The new service is seen as offering an alternative to Gmail, the fastest growing web service in the past year with over 193 million users according to data tracker ComScore.

Gmail screen grab Email remains one of the most popular means of communication

The irony was that ahead of the announcement, speculation was rife that Facebook’s new product would be most crippling for Gmail. Mr Zuckerberg said he did not see it that way.

“In reality they have a great product.

“We don’t expect anyone to wake up tomorrow and say ‘I’m going to shut down my Yahoo Mail or Gmail account’.

“Maybe one day, six months, a year, two years out people will start to say this is how the future should work,” said Mr Zuckerberg.

AOL which at the weekend previewed changes to its once popular web mail service disagreed email is doomed.

“Email remains one of the killer apps on the internet,” said Brad Garlinghouse, AOL’s senior vice president of consumer products.

Industry analyst Augie Ray of Forrester agreed.

“Research we have done shows we know that in the US 90% of adults check their mail at least once a month and 59% of adults say they maintain a profile on a social networking site.

“There is a big gap between the reach social media has and the reach email has.”

Ease of use

At the heart of Facebook Messages is an effort to ensure users “see the messages that matter”.

The new feature will simplify how people communicate whether it be via text, instant messages, online chat or email. All these messages will come into one feed known as a social inbox allowing users to reply in any way they want.

screenshot All 500million plus users will eventually be offered an @Facebook.com address

Facebook said around 70% of users regularly use it to send messages to friends and and that a total of four billion messages pass across the site every day.

“We really want to enable people to have conversations with the people they care about,” Facebook’s director of engineering Andrew “Boz” Bosworth told BBC News.

“It sounds so simple. We have all this technology that should be enabling that but it’s not. It’s fragmenting that. So I have one conversation on email with my grandfather and another with my cousin on sms and all these things don’t work the same way.

“I shouldn’t have to worry about the technology. I should just have to worry about the person and the message. Everything else is just getting in the way,” added Mr Bosworth.

The new system will be modelled more on chat than traditional email which means there will be no subject lines, cc or bcc fields.

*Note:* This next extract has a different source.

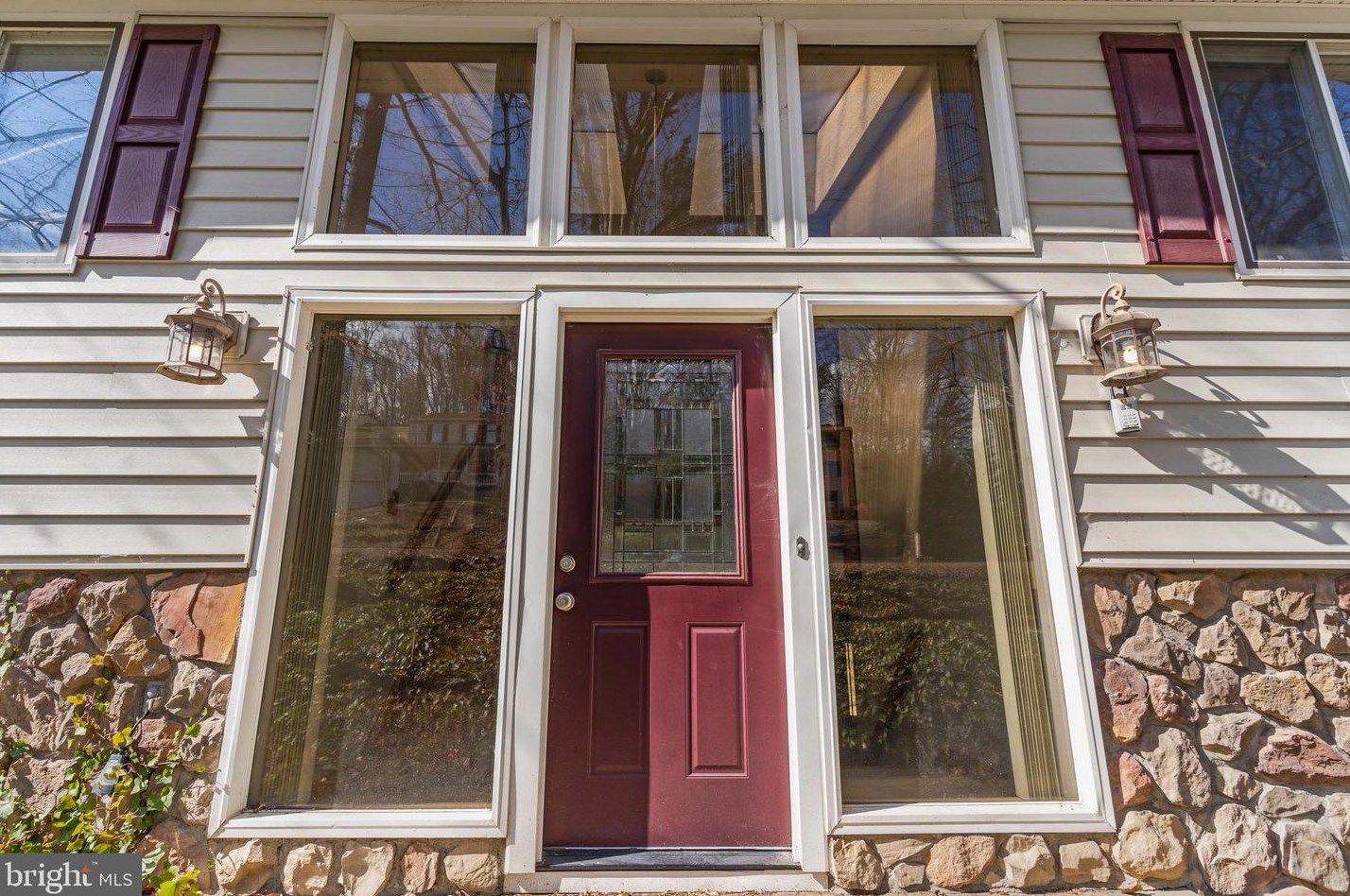 2016 Admiral Dr, Stafford, VA 22554-2209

Liz Gannes of technology blog AllThingsD said she believed users will have a bit of a learning curve on their hands.

“I think the product is just different enough from what people are used to that it will feel really weird to users for a while.

“The lack of subject lines will get people upset at first and then of course they will probably realise they never wanted them anyway.”

‘Game over?’

Other features include being able to store conversations so users can have a complete archive of communications with friends and family. Mr Bosworth likened this to a modern day treasure trove of letters stored in a box.

Incoming message will be placed in one of three folders – one for friends, another for things like bank statements and a junk folder for messages people do not want to see.

The product will also represent a challenge to Yahoo with over 273 million users and Microsoft which has nearly 362 million.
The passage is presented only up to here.